Short text fragments from websites =

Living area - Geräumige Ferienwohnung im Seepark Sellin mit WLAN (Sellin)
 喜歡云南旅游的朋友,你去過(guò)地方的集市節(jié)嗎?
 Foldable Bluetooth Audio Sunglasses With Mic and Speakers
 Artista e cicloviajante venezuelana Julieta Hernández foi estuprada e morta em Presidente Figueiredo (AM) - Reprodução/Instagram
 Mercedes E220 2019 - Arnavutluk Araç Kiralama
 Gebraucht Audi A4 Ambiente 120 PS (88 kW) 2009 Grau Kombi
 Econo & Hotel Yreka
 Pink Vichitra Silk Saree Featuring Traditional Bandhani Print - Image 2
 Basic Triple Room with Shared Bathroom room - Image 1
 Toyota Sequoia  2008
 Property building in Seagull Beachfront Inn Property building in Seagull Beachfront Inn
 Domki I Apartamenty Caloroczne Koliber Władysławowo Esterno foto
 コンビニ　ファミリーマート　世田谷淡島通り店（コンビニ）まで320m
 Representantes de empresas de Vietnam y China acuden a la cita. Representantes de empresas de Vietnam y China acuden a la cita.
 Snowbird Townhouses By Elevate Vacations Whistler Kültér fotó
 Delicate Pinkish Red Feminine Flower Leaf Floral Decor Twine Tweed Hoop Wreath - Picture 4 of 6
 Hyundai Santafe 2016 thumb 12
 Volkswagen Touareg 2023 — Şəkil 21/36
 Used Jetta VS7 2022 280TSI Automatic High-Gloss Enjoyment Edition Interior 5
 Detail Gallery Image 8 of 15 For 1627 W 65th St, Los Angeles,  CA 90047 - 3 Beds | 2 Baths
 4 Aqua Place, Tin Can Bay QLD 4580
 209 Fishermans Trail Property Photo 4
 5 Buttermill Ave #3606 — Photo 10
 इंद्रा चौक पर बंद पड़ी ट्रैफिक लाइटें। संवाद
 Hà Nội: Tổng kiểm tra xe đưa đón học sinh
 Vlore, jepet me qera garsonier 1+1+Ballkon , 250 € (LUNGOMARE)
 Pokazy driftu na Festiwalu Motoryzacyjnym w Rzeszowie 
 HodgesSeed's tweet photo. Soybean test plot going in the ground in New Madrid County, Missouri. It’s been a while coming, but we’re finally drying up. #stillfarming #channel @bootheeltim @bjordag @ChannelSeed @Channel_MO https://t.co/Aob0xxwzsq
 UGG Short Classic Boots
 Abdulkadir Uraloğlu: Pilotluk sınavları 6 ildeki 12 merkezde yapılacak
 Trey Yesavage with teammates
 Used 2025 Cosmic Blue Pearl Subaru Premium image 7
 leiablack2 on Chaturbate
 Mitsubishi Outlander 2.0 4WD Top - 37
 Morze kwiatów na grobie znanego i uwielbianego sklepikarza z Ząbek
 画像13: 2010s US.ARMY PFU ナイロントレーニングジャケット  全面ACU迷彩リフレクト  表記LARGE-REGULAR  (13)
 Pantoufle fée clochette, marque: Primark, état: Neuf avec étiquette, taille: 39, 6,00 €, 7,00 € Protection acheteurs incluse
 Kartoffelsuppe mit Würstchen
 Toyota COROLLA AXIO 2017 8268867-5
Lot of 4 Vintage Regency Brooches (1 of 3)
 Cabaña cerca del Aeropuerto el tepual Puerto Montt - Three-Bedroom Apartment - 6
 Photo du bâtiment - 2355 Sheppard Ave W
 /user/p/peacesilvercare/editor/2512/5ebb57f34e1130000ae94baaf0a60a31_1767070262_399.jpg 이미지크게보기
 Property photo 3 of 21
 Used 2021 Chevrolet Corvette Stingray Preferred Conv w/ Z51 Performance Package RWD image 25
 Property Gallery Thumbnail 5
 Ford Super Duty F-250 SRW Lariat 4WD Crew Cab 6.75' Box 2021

ASSIGNMENT = In the entries above, find the line with "Foldable Bluetooth Audio" and the line with "Volkswagen Touareg 2023 — Şəkil 21/36", then restate word for word both of them and every line between, with nothing more.

THE ANSWER =
 Foldable Bluetooth Audio Sunglasses With Mic and Speakers
 Artista e cicloviajante venezuelana Julieta Hernández foi estuprada e morta em Presidente Figueiredo (AM) - Reprodução/Instagram
 Mercedes E220 2019 - Arnavutluk Araç Kiralama
 Gebraucht Audi A4 Ambiente 120 PS (88 kW) 2009 Grau Kombi
 Econo & Hotel Yreka
 Pink Vichitra Silk Saree Featuring Traditional Bandhani Print - Image 2
 Basic Triple Room with Shared Bathroom room - Image 1
 Toyota Sequoia  2008
 Property building in Seagull Beachfront Inn Property building in Seagull Beachfront Inn
 Domki I Apartamenty Caloroczne Koliber Władysławowo Esterno foto
 コンビニ　ファミリーマート　世田谷淡島通り店（コンビニ）まで320m
 Representantes de empresas de Vietnam y China acuden a la cita. Representantes de empresas de Vietnam y China acuden a la cita.
 Snowbird Townhouses By Elevate Vacations Whistler Kültér fotó
 Delicate Pinkish Red Feminine Flower Leaf Floral Decor Twine Tweed Hoop Wreath - Picture 4 of 6
 Hyundai Santafe 2016 thumb 12
 Volkswagen Touareg 2023 — Şəkil 21/36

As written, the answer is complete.